While driving home today, I noticed the American and Texas flags flying at half mast. Why? I wondered. Could it be for the Crocodile Hunter? No, of course not. Then I remembered Nellie Connally. Yes, that was it. Nellie Connally, the former First Lady of Texas, died here in Austin the other day, and today she was buried beside her husband, Gov. John Connally, in the Texas State Cemetery.

Mrs. Connally was the last surviving passenger in the limousine that carried President John F. Kennedy through the streets of Dallas in 1963. It was she who uttered the last words JFK ever heard in this world: “You can’t say Dallas doesn’t love you.”

Unfortunate words, unfortunate timing.

Mrs. Connally is widely credited with saving her husband’s life. After he was shot, she pushed him to the floor and applied pressure to his chest wound, thus preventing a more serious loss of blood.

If Vice President Lyndon Johnson had had it his way, the Connallys would not have been in the limousine that day. Johnson expected that his bitter political enemy, Senator Ralph Yarborough, would ride with the Kennedys. But upon arrival at Love Field in Dallas, he learned that Yarborough would be riding with him, while his long-time friend and protégé, John Connally, would ride in the Kennedy car.

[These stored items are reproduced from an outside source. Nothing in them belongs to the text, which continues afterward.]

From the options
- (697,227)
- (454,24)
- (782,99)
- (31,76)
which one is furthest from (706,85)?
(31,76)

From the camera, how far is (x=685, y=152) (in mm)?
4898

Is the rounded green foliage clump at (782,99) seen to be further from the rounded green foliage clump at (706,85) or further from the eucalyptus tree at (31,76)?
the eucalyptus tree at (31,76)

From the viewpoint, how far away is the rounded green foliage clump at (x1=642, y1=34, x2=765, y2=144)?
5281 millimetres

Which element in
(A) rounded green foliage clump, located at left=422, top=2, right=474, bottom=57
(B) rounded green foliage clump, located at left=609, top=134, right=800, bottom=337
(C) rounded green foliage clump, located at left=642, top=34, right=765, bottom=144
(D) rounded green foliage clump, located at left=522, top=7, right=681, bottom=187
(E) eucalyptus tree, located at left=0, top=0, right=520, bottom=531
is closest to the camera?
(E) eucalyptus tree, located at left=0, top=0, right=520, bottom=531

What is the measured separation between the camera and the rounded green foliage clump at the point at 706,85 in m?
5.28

Johnson was furious. He protested, but to no avail. In the end, Yarborough rode with Johnson. For the duration of the motorcade, Johnson sat slumped in his seat, grimly staring ahead, not waving at the people on the street. Then, according to Yarborough, as they approached Dealey Plaza, Johnson suddenly sprang into movement. He ducked down behind the seat before the first shot was fired.

I have always suspected that Yarborough was meant to be shot along with Kennedy. Kill two troublesome birds with one stone, so to speak. But the last-minute seating change saved Yarborough's life. And nearly got Connally killed.

In other words, one of the shooters may have been given instructions to shoot the man seated in front of Kennedy. But, there being no time to inform the shooter of the seating change, the shooter fired, surprising the hell out of Connally who famously cried, “Oh my God, they’re going to kill us all!”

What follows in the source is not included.